▶ [Directions for this task] Would you reproduce exactly the lines below from the one holding "House For Sale" through the one holding "Used 2025 Honda Civic Sport image 34", inclusive, and no others?

:::::

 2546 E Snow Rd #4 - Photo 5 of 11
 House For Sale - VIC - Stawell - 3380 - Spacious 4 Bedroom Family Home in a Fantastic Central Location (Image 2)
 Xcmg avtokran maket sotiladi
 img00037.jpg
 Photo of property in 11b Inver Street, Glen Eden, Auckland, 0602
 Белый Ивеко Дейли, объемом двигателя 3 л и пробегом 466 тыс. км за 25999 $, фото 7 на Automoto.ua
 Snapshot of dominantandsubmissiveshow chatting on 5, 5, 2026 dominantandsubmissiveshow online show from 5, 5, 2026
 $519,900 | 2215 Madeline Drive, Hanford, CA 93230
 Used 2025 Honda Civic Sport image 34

:::::

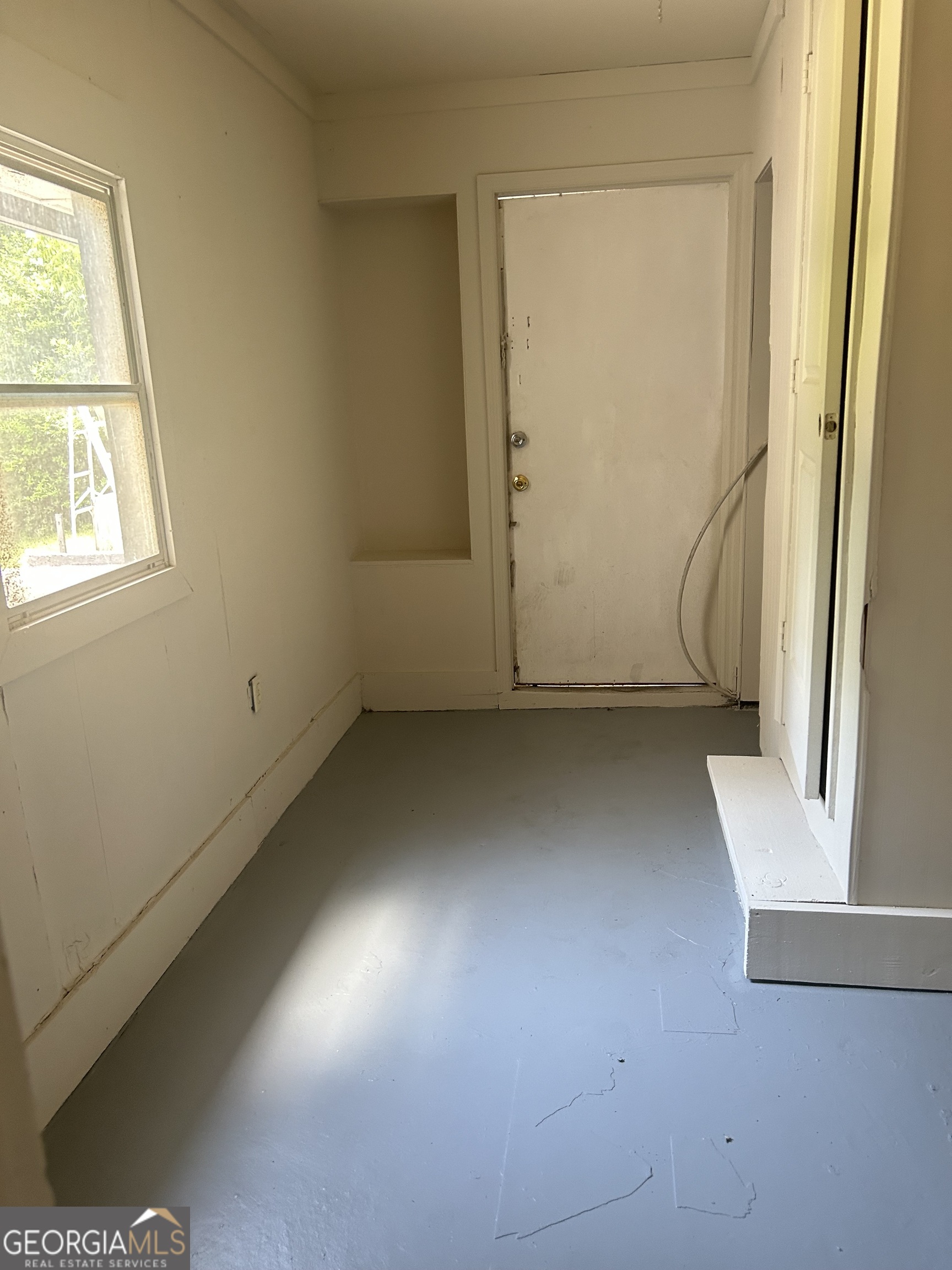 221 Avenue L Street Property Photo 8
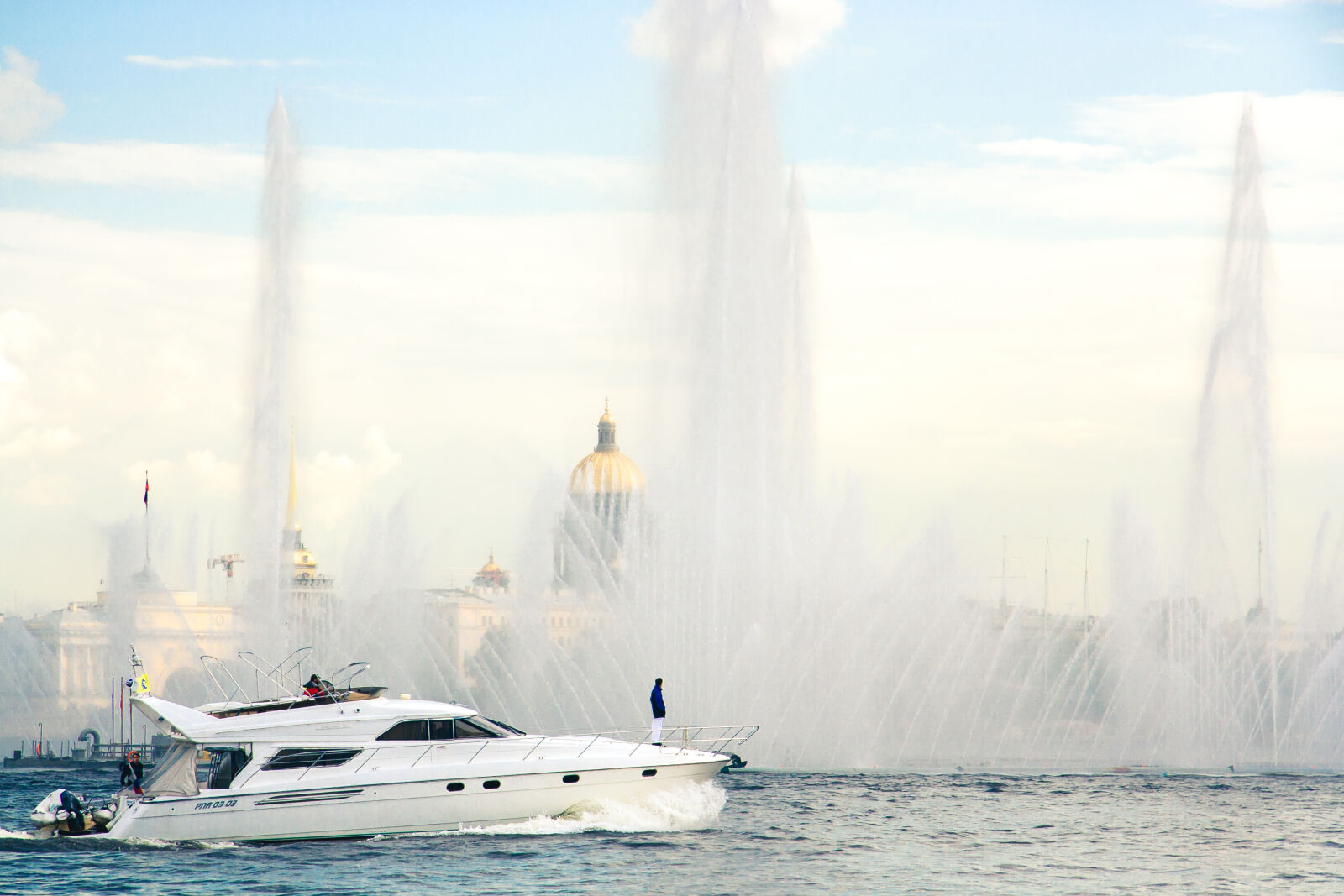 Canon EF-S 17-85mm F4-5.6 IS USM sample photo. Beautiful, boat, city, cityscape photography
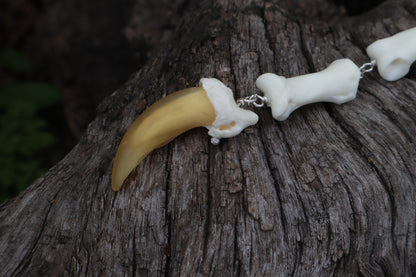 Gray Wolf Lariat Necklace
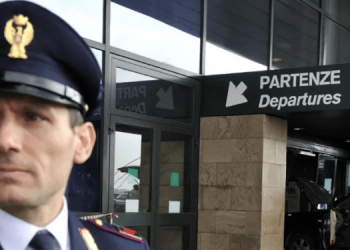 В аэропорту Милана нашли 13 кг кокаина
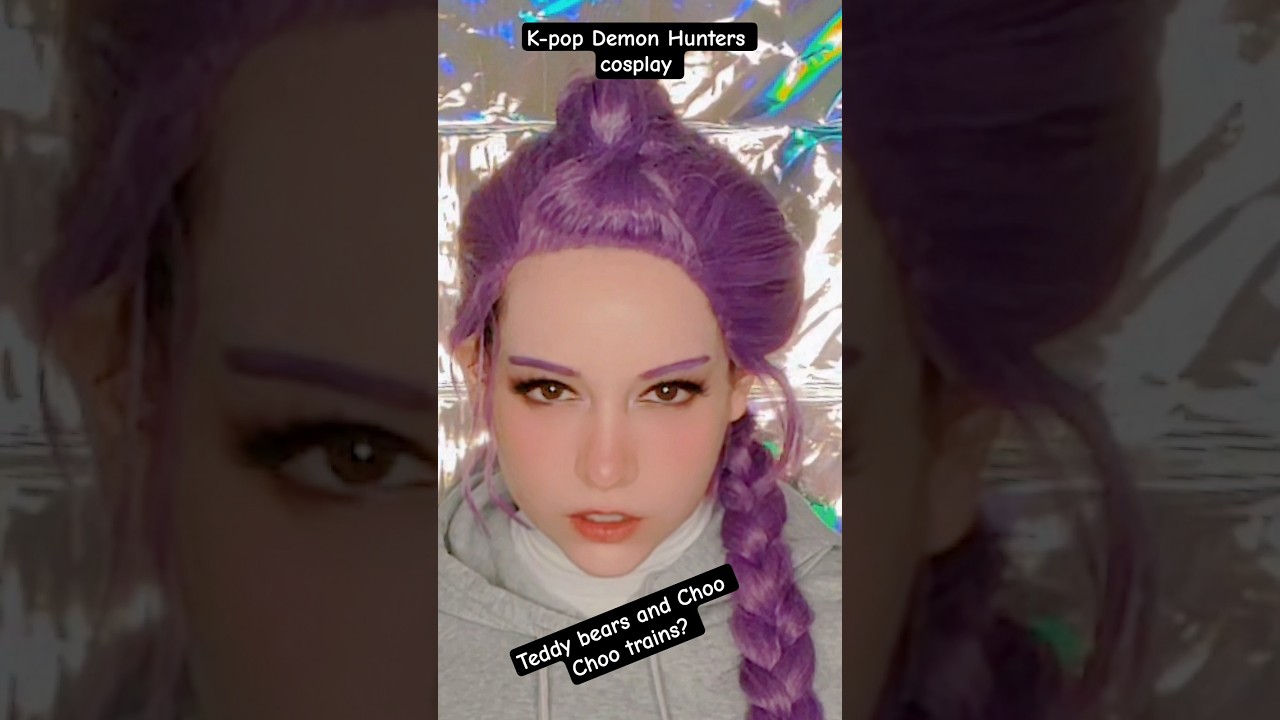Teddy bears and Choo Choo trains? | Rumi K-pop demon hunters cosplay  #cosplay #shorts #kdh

:::::

▶ [Your solution]
 House For Sale - VIC - Stawell - 3380 - Spacious 4 Bedroom Family Home in a Fantastic Central Location (Image 2)
 Xcmg avtokran maket sotiladi
 img00037.jpg
 Photo of property in 11b Inver Street, Glen Eden, Auckland, 0602
 Белый Ивеко Дейли, объемом двигателя 3 л и пробегом 466 тыс. км за 25999 $, фото 7 на Automoto.ua
 Snapshot of dominantandsubmissiveshow chatting on 5, 5, 2026 dominantandsubmissiveshow online show from 5, 5, 2026
 $519,900 | 2215 Madeline Drive, Hanford, CA 93230
 Used 2025 Honda Civic Sport image 34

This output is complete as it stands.